Extracted data entries:
+ + + + +

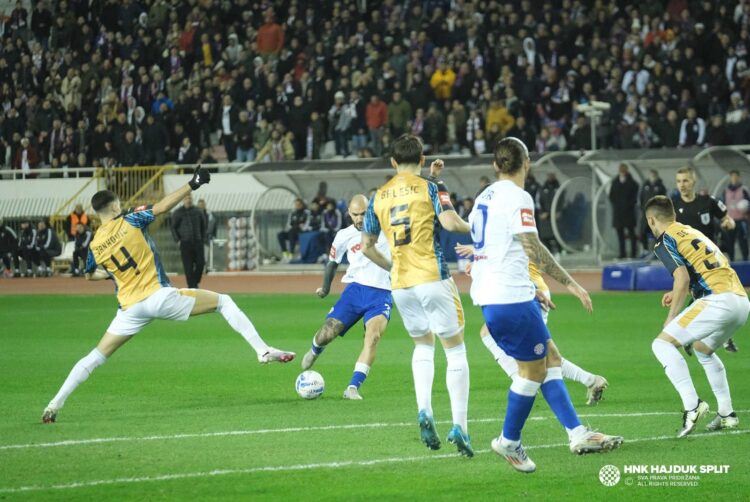 SHNL Rijeka na Poljudu  ostala neporažena i zadržala prvo mjesto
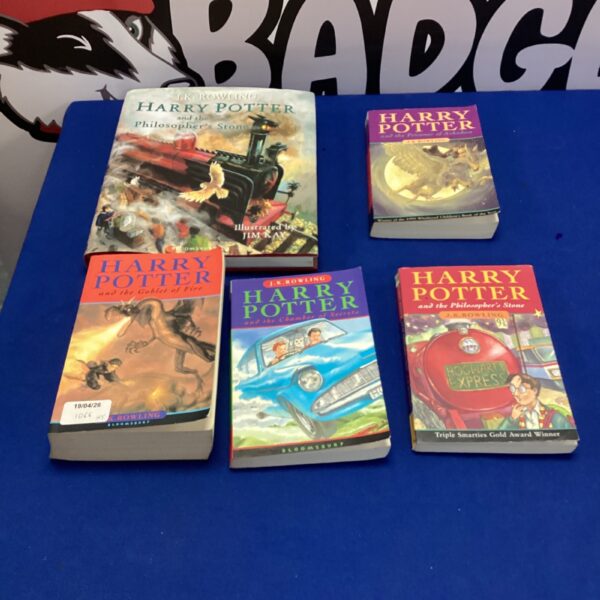 Cover of the illustrated Harry Potter and the Philosopher's Stone book.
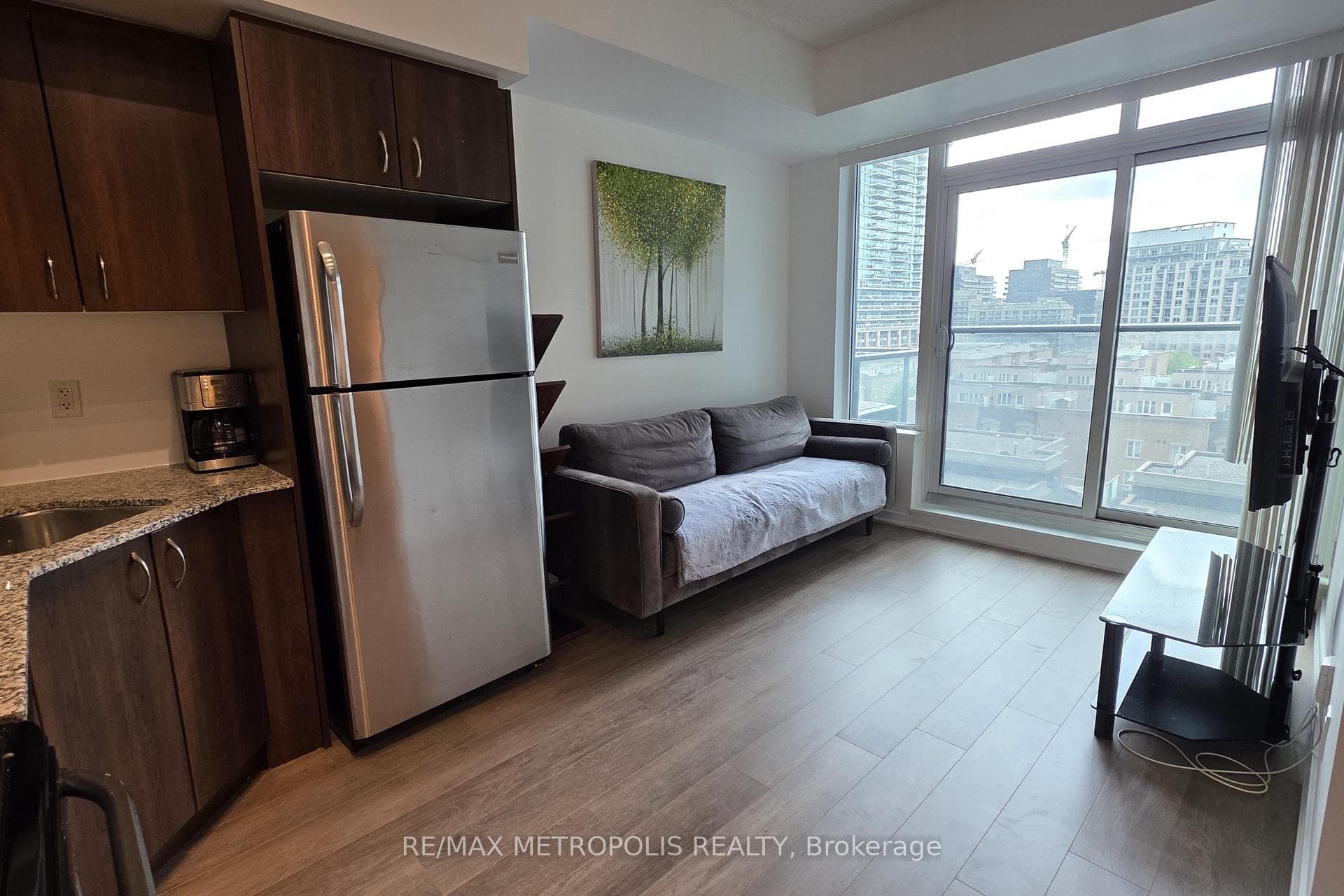 55 East Liberty Street 813, Toronto C01, ON M6K 3P9, Toronto C01, ON — photo 1 of 28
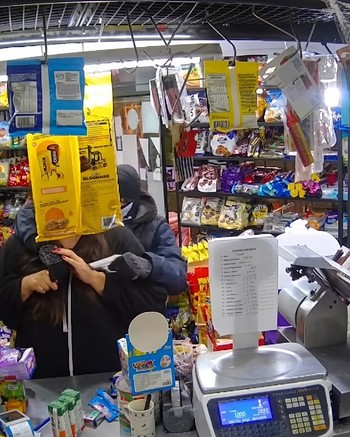 “Amigo, eso es una réplica”: entraron a robar a un almacén y una clienta sorprendió al ladrón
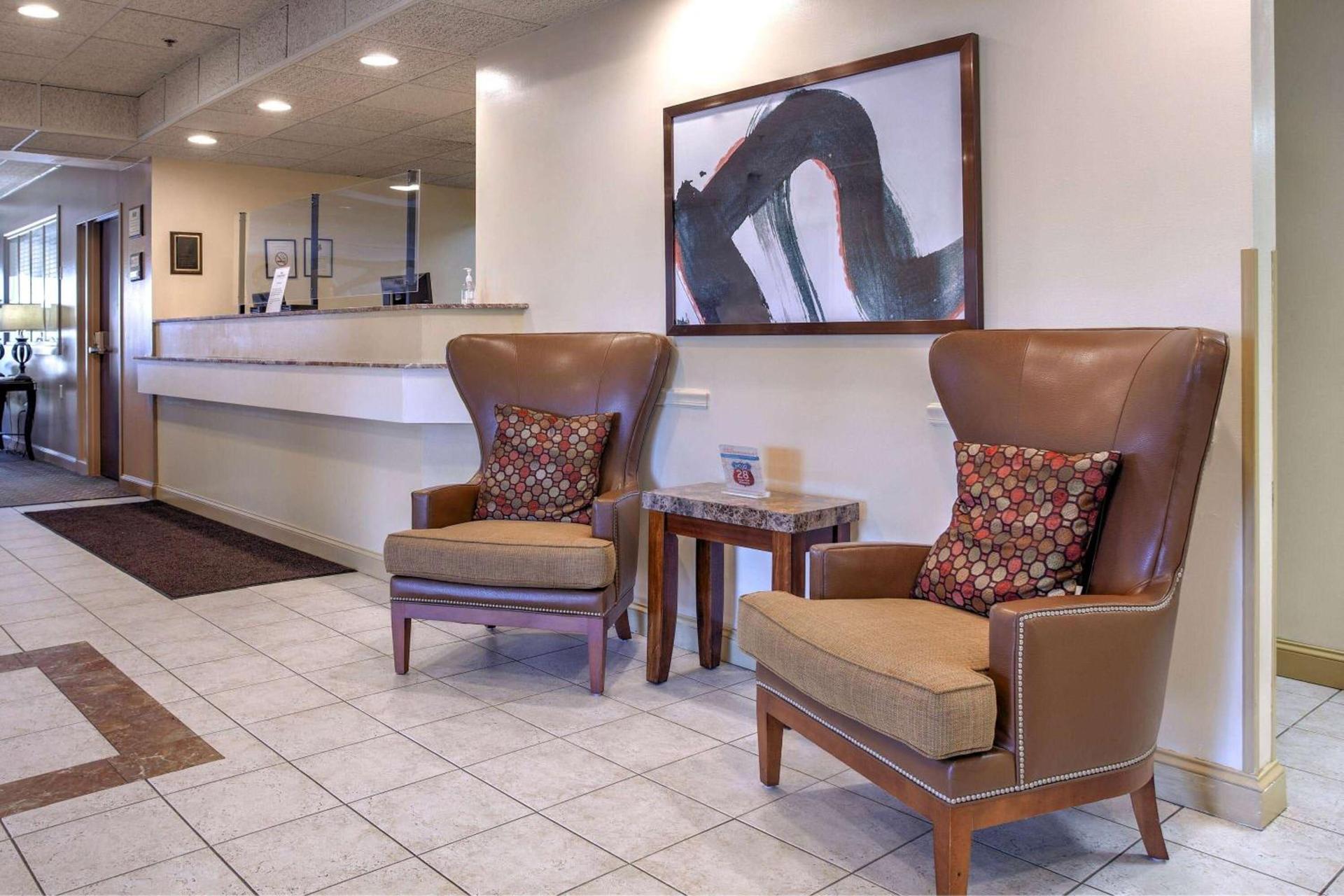 Howard Johnson by Wyndham Amherst Hadley photo 4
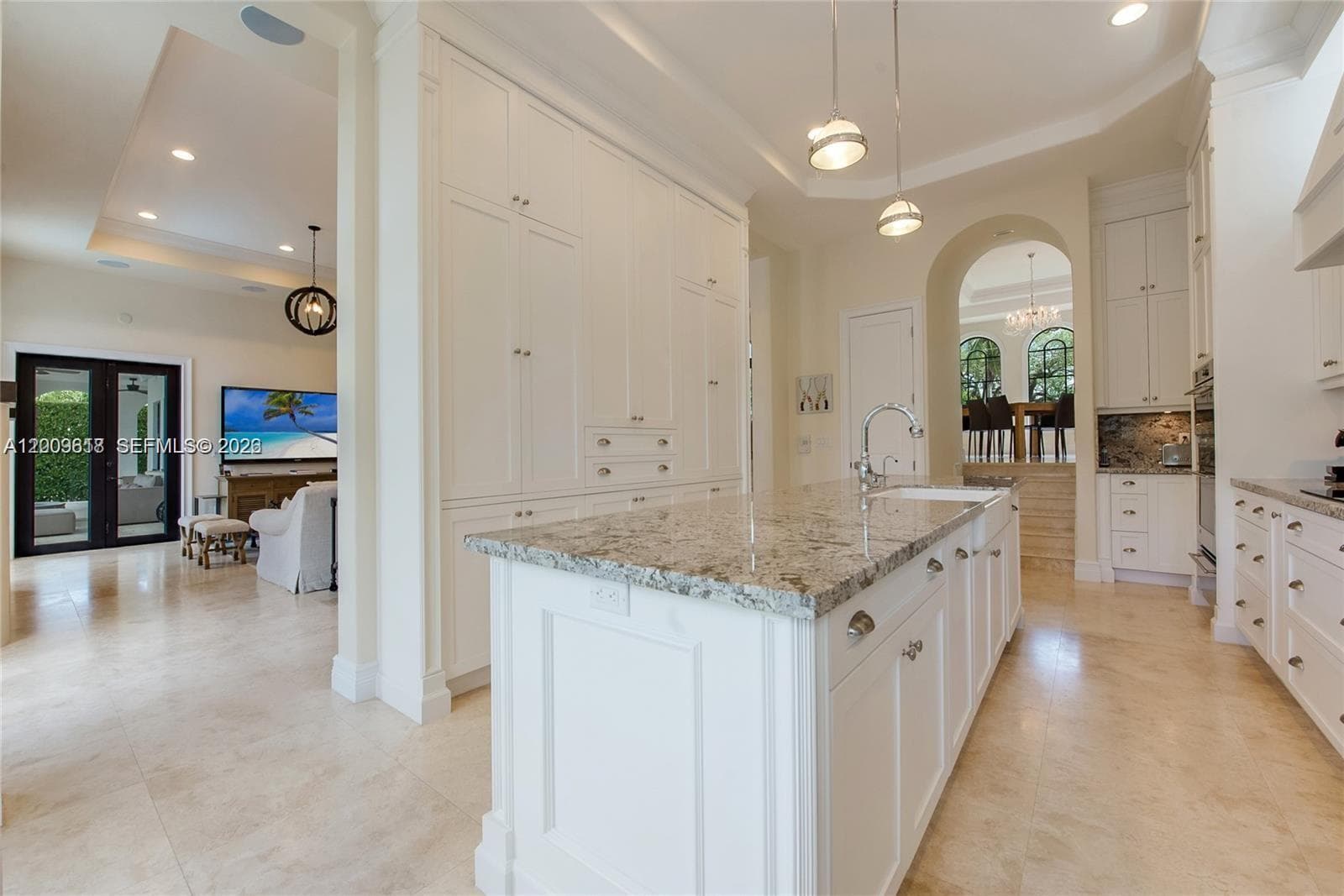 1151 Alhambra Cir photo 6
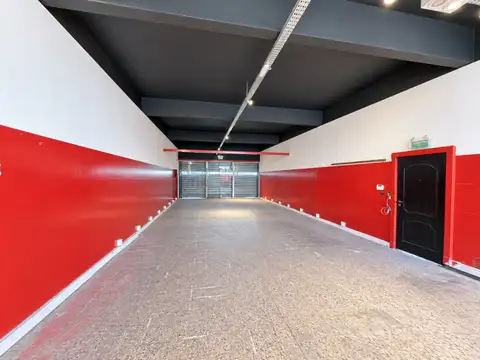 ALQUILER GALPÓN / LOCAL COMERCIAL 915 M² – AV. HIPÓLITO YRIGOYEN – AVELLANEDA
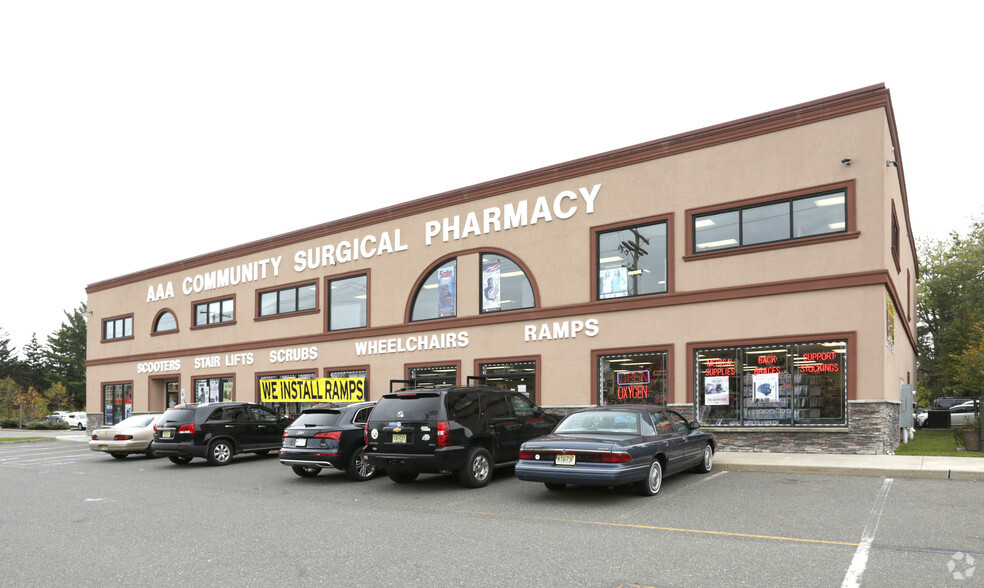 163 W Route 37, Toms River, NJ for lease - Primary Photo - Image 2 of 6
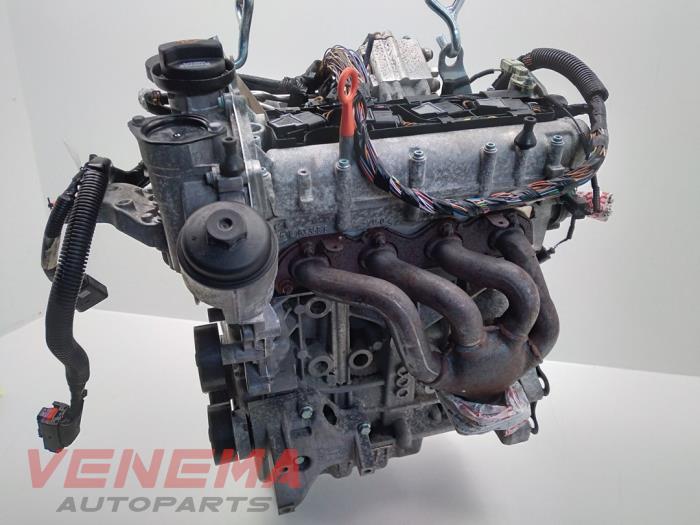 Motor van een Volkswagen Polo IV (9N1/2/3) 1.4 FSI 16V 2004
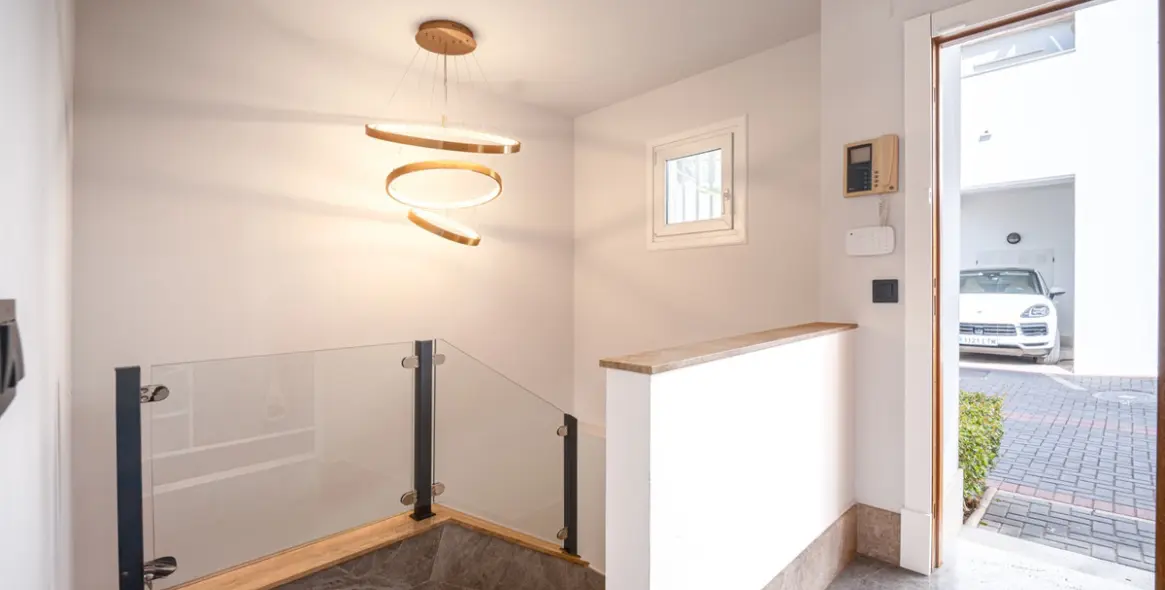 Sale of townhouse in Marbella 17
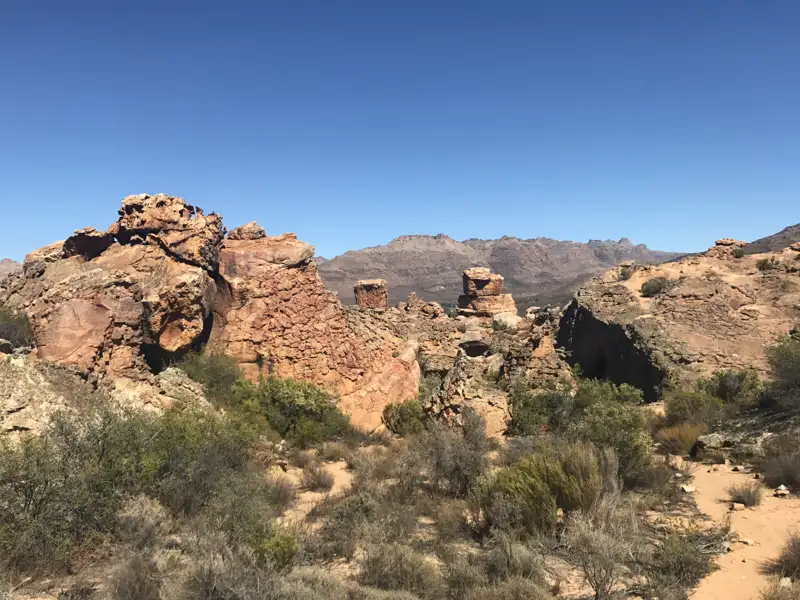 Rötliche Felsformationen und Berglandschaft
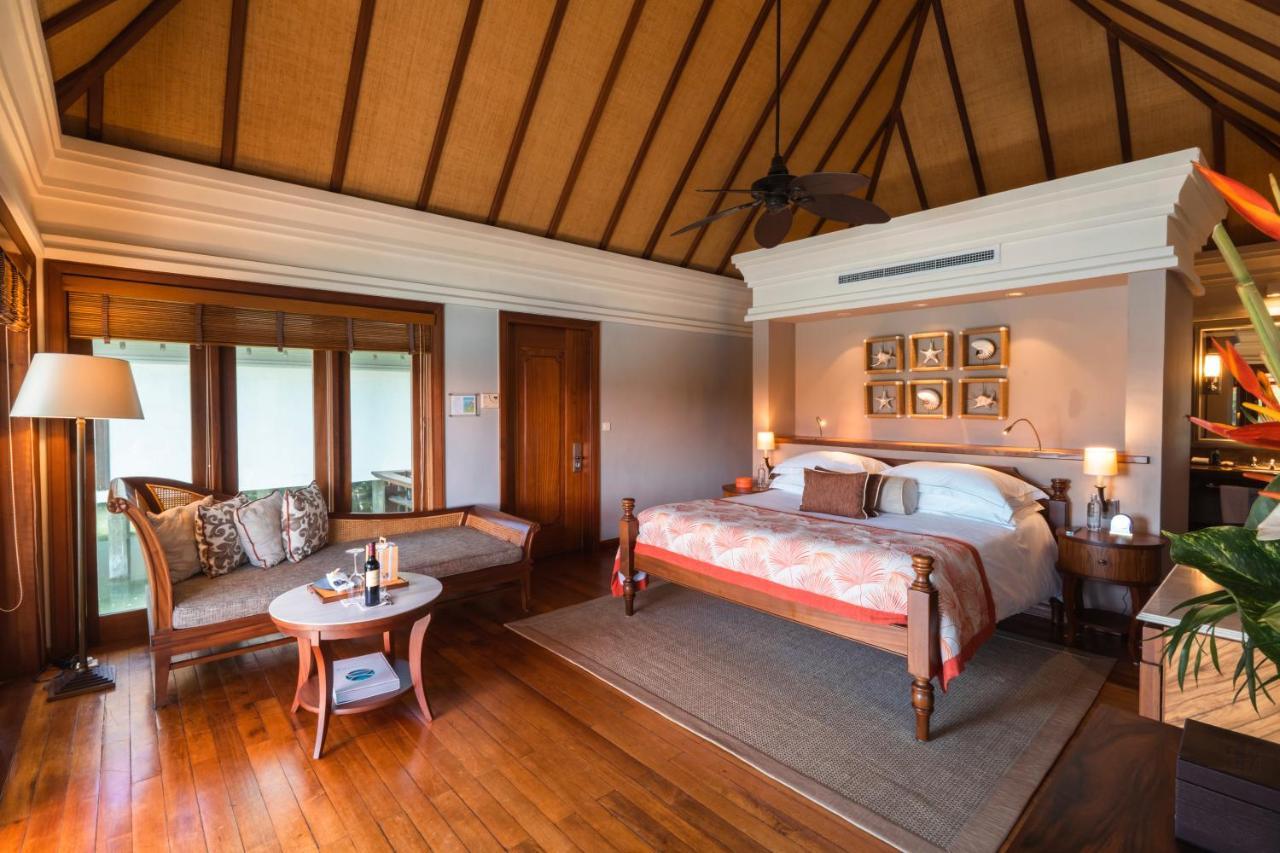 Constance Prince Maurice Poste de Flacq Eksteriør bilde A bedroom at the resort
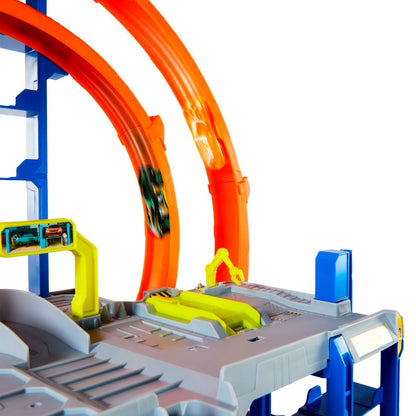 Hot Wheels Mega Garage Con Elevador Y Helicóptero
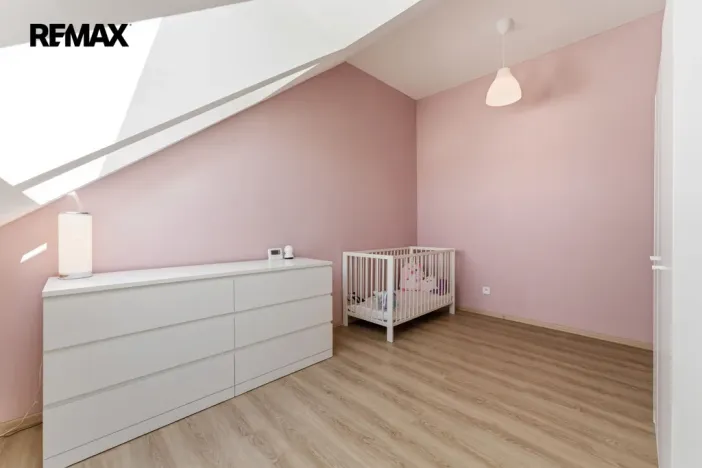 Prodej bytu 4+kk, Stěžery, Zámecká, 110 m2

+ + + + +

• [Task to complete]:
Drop every picture and repeat the rest of the entries exactly.

• [Task result]:
 SHNL Rijeka na Poljudu  ostala neporažena i zadržala prvo mjesto
 Cover of the illustrated Harry Potter and the Philosopher's Stone book.
 55 East Liberty Street 813, Toronto C01, ON M6K 3P9, Toronto C01, ON — photo 1 of 28
 “Amigo, eso es una réplica”: entraron a robar a un almacén y una clienta sorprendió al ladrón
 Howard Johnson by Wyndham Amherst Hadley photo 4
 1151 Alhambra Cir photo 6
 ALQUILER GALPÓN / LOCAL COMERCIAL 915 M² – AV. HIPÓLITO YRIGOYEN – AVELLANEDA
 163 W Route 37, Toms River, NJ for lease - Primary Photo - Image 2 of 6
 Motor van een Volkswagen Polo IV (9N1/2/3) 1.4 FSI 16V 2004
 Sale of townhouse in Marbella 17
 Rötliche Felsformationen und Berglandschaft
 Constance Prince Maurice Poste de Flacq Eksteriør bilde A bedroom at the resort
 Hot Wheels Mega Garage Con Elevador Y Helicóptero
 Prodej bytu 4+kk, Stěžery, Zámecká, 110 m2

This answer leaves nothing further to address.